Des membres du groupe nationaliste flamand Voorpost (Avant-poste) portent un cercueil en carton pour enterrer la Belgique.

BHV, l’éternelle poudrière

La démission du Premier ministre belge Yves Leterme, le 22 avril, ravive la crainte d’un éclatement du royaume, deux mois avant qu'il ne prenne la présidence de l’UE. Au cœur de la crise : l’arrondissement bilingue de Bruxelles-Hal-Vilvorde, où Flamands et francophones cohabitent tant bien que mal. Reportage.

Publié le 22 avril 2010 à 14:45
Des membres du groupe nationaliste flamand Voorpost (Avant-poste) portent un cercueil en carton pour enterrer la Belgique.

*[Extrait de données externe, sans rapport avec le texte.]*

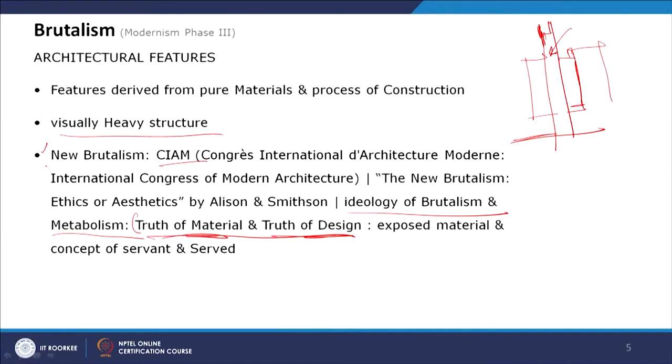It also follows a design principle where the service cores or servants are designed and they would not change; modularity only comes within the served spaces. That is the philosophy of design coming from Metabolism. Together in a building, this becomes Neo-Brutalism — exposed material combined with the concept of servant and served spaces. The ethics of Neo-Brutalism come from Metabolism, and the aesthetics come from Brutalism.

Cinq drapeaux flamands flottent fièrement devant l’Hôtel de Ville de Lennik. Sur le balcon, une banderole qui dit "Scindez BHV" [Bruxelles-Hal-Vilvoorde]. Le bourgmestre de la ville flamande de Lennik, Willy De Waele, nous explique la situation. "C’est très simple : l’existence de BHV est complètement en contradiction avec la partition de la Belgique". Le pays est en effet divisé en trois régions : la Flandre, la Wallonie et Bruxelles-Capitale.

La circonscription BHV est la seule qui est à cheval sur la frontière régionale. Elle englobe Bruxelles-Capitale [avec ses 19 municipalités], qui est bilingue, ainsi que 35 municipalités flamandes, comme Lennik. Par conséquent, [aux élections européennes et fédérales] les partis politiques francophones peuvent y obtenir des voix auprès d’électeurs domiciliés en Flandre. [A l’inverse, les électeurs flamands domiciliés en Wallonie ne peuvent voter sur des listes flamandes à Bruxelles, ce qui est considéré comme une injustice par les Flamands].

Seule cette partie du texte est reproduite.